We also worry about contamination from human DNA. Because we’re working with a sample that is genetically so similar to us, it could be easily mixed up. We’ve spent a lot of time devising analysis to make sure we have ancient DNA. In that sense, DNA degradation is actually our friend: it gives a signature of old DNA.
TR: How will 454’s sequencing technology make this ambitious project possible?
ME: It’s simply a numbers game. Because you have to throw out 19 out of 20 of your reads [due to the presence of so much bacterial DNA], you need to be able to do a lot of sequencing. We generate a quarter of a million reads per run, while standard capillary sequencing only generates 96 reads at a time. [A “read” refers to the number of DNA fragments that can be sequenced, or read, in a single sequencing reaction.]
We have already generated a few test-runs of a million bases of Neandertal DNA. Before then, only a few hundred bases of sequence were known, so we’ve increased the knowledge of Neandertal DNA dramatically. We hope to have a paper on this published soon.

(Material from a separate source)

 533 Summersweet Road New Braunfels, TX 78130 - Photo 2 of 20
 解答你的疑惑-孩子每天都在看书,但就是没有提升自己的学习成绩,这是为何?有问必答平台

TR: What do you expect to learn from the Neandertal genome?
ME: We know something dramatic happened in modern man within the last 200,000 years, which is a long time after we split from the Neandertal genome. So we’re trying to find the so-called “human genes,” possibly the genes involved in the evolution of language, abstract thinking, and planning.
The chimp genome was recently sequenced, so scientists have been able to compare chimp and human DNA to try to figure out what makes us different–there are about 35 million base pairs that are different. Chimps and humans diverged about five million years ago, while Neandertals split only half a million years ago. So you could say they are 10 times closer to us than chimps and therefore make a better comparison.

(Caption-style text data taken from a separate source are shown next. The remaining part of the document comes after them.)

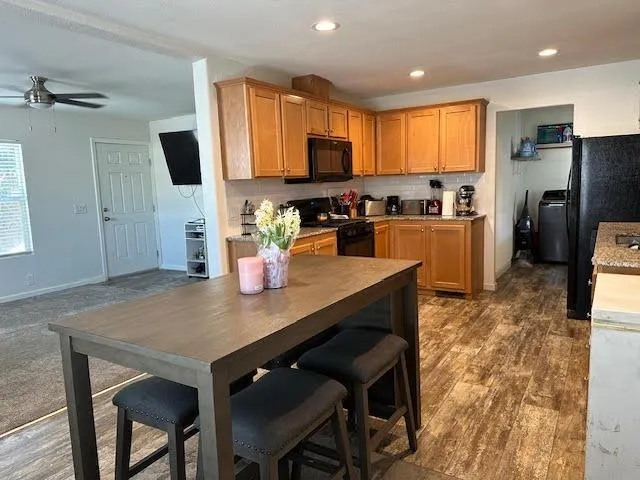 $139,900 | 4210 Bunker Hill, North Highlands, CA 95660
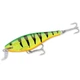 Воблер Rapala Super Shad Rap 140 мм 45 г 1,5-2,7 м #FP (SSR14 FP) - зображення 2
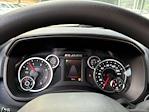 New 2025 Ram 2500 Tradesman Crew Cab 4x4 Pickup for sale #J540239 - photo 15
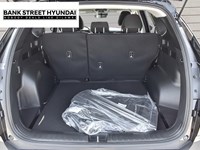 2025 Hyundai Tucson Preferred AWD w/Trend Pkg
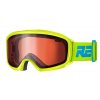 Lyžařské brýle Relax Arch HTG54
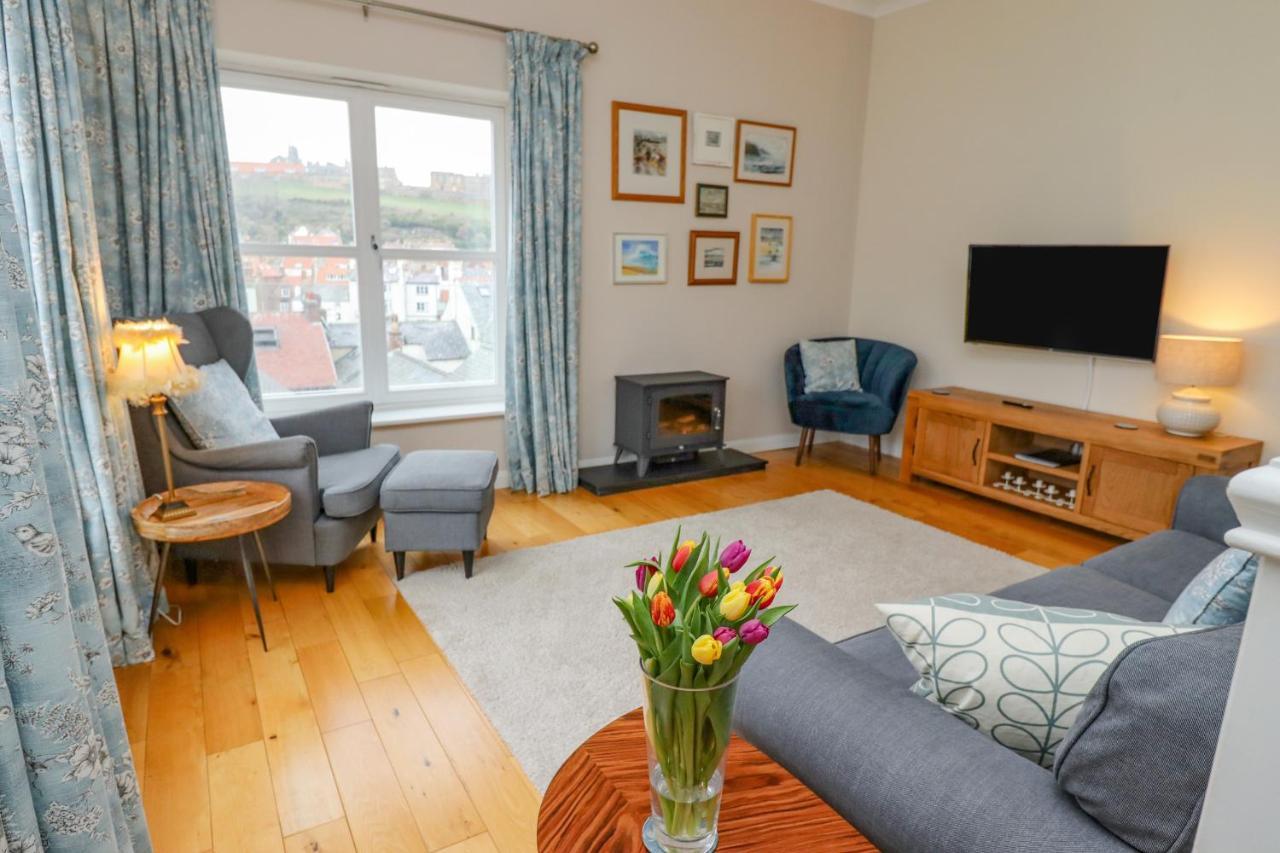 Grays Holiday home *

We believe we can use the Neandertal genome as a signpost for our own genome. Our approach is to look at the 35 million base pair differences between chimp and man. Then we ask a simple question: Is Neandertal like chimp or human on those sites?
TR: How far along are you? Any early results?
ME: We’ve sequenced about seven million bases so far. Based on analysis from the first million bases, Neandertals were like humans about 96 percent of the time [meaning: at the sites of the genome where modern humans and chimps differ, the Neandertal sequence was much more likely to resemble modern humans, while it was the same as the chimp only four percent of the time.]
The parts we’re really interested in are the four percent where Neandertals are like chimps rather than humans. We hope those genes will be those that confer higher executive function. Genes for talking, cognition, or brain development would be most exciting. We imagine that as people find new genes they suspect are unique to humans and are involved in higher-order cognition, we’ll be able to compare to them the Neandertal genome and see if they are different.